[Clusterusers] fly - "New" cluster details

Fri May 26 10:49:22 EDT 2006

Hello all,
    This is a very long email telling you about the setup details of the 
new cluster. I will try to keep the most important information at the 
top, and put the less and less interesting and more and more geeky stuff 
further and further towards the bottom.
    If you are receiving this email directly, instead of just through 
the clusterusers list, that means that I have activated your account, 
and you should be able to log in to fly.hampshire.edu (directly, from 
outside or wherever) with your old hex account info. It will then ask 
you to generate a public/private key pair - I would answer defaults, and 
leave the passphrase empty if you don't want to be asked for a password 
every time you SSH into a node.
    If you want your old account activated and you didn't get this email 
directly (check the To: list), just ask and you shall receive. My 
intention was to activate all the accounts of people I'd heard from 
recently, but I probably forgot somebody. I'm trying to prune unused 
accounts, not trying to shut anybody out who wants to use the cluster. 
Anything that was in your old hex homedir is now in your new fly homedir 
- I moved them over wholesale.

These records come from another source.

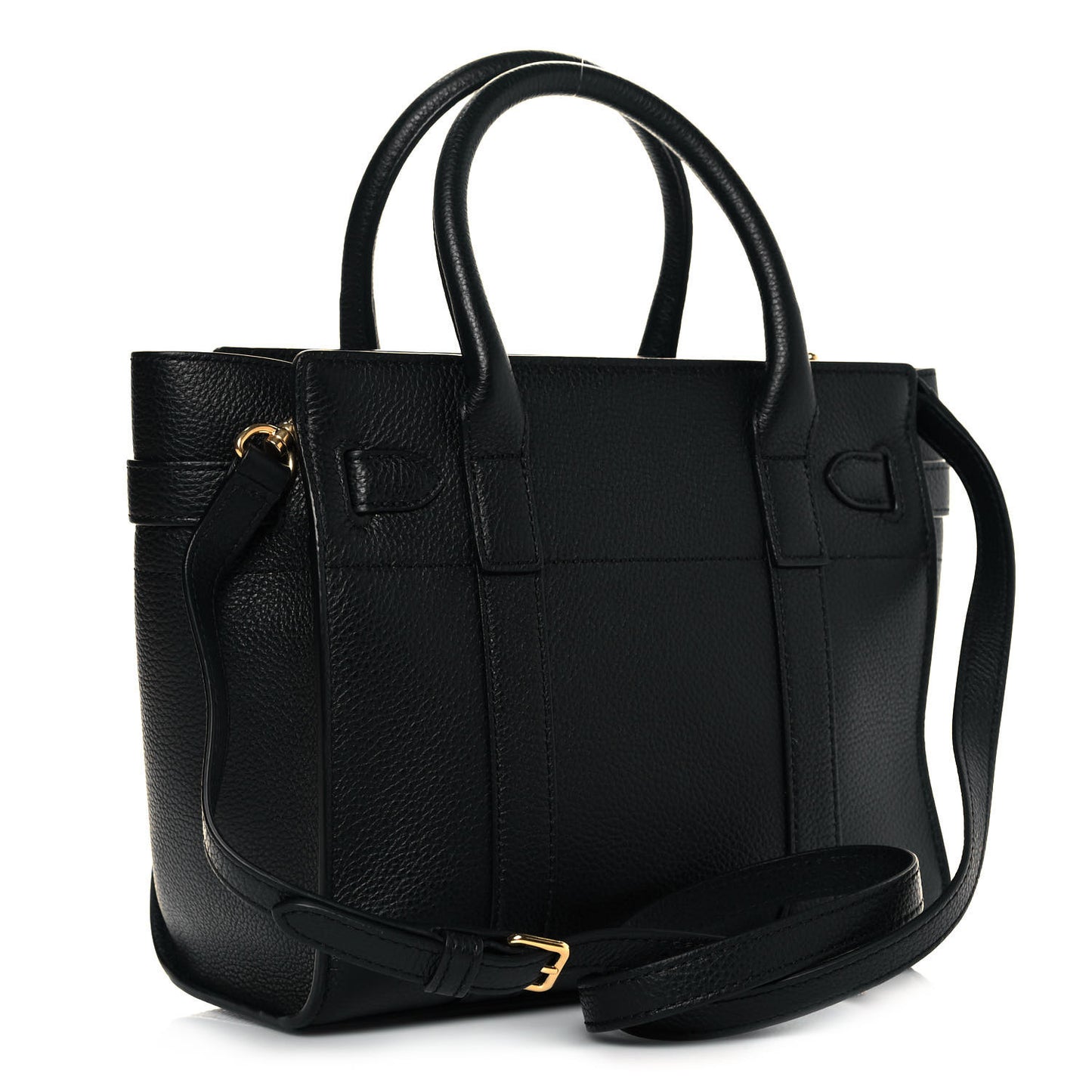 Small Classic Grain Mini Zipped Bayswater Black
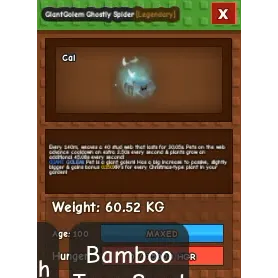 [RUSH SELL] Ghostly Hatched Spider / GHS 60KG+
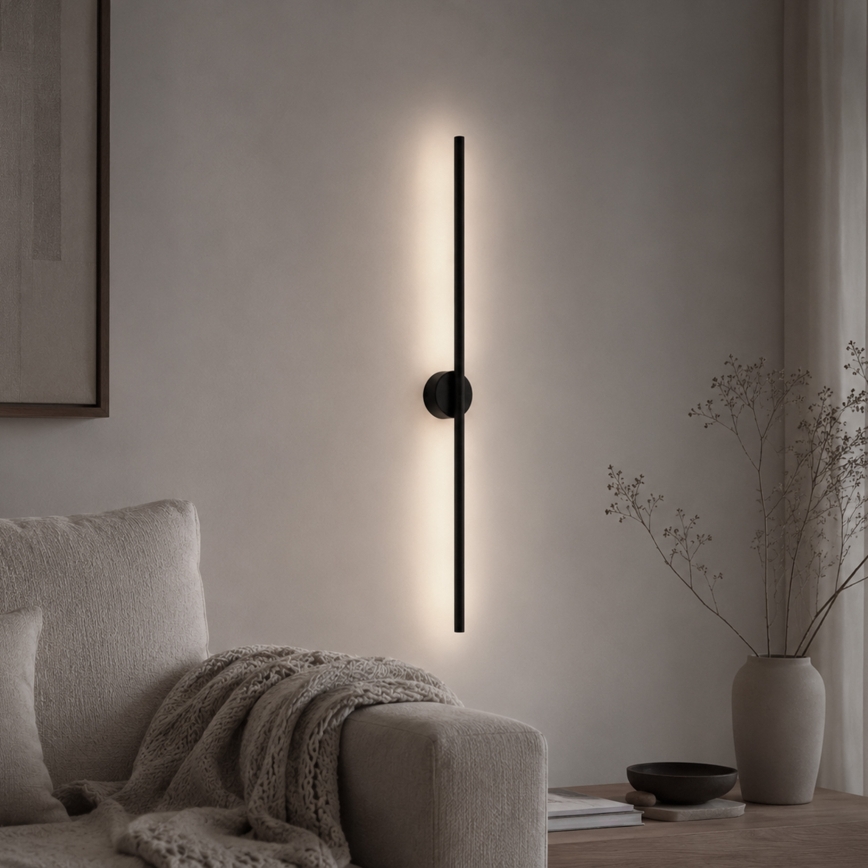 LANA LED Wall Light 7W/230V 4000K Black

This also means that your .bashrc and 
.bash_profile stuff got moved over as well - you may prefer to grab the 
default stuff from /etc/skel, as it might have broken some things.
    OK, now for some details on the software setup of the cluster, 
followed by some hardware details:

    The home directories are cross-mounted to every node, of course, as 
is /share/apps.

    The compute nodes from hex are named compute-0-1 through compute-0-23
    The compute nodes from old fly are named compute-1-1 through 
compute-1-16

    gcc and gcc4 are both installed, breve will be installed soon (in 
/share/apps/breve/<version>), cmucl is installed (in /share/apps), Maya 
(for libraries) and the Pixar software is installed locally on every 
node, with the appropriately optimized version of RenderManProServer. If 
prman, etc, are not in your path, you can fix it by grabbing the default 
.bashrc and .bash_profile from /etc/skel, as mentioned previously 
(assuming bash is your shell).
    All of the default ROCKS stuff is installed as well, though I only 
installed the first two OS CD's. fly is ROCKS 4.1, which is based on 
CentOS 4.2, which is based on RHEL 4... check 
http://www.rocksclusters.org for details and documentation (yay 
well-documented, open source software!)
    If there is anything that you want installed that isn't, just ask. 
Most of the usual GNU tools are present.

    Hardware details, for the morbidly curious (you can check 
http://fly.hampshire.edu/ganglia for even more details, but here's a 
quick rundown):

    We have 40 machines total, 62 processors, and close to 100GB of RAM 
in this cluster.

    The head node is hex's old head node, a dual-P4 2.4Ghz with 4GB of 
RAM. It has two 250GB Seagate Barracudas in a RAID 1, and an external FW 
drive for backup (we're working on a better backup solution). It's 
connected to the rest of the campus network with a 10/100 ethernet card, 
and the rest of the cluster with gigabit. There's a 24-port gigabit 
switch that connects the head node, and compute-0-* to each other, with 
the exception of compute-0-1, which is on 10/100 so that I could connect 
the 10/100 switch that serves fly's old nodes.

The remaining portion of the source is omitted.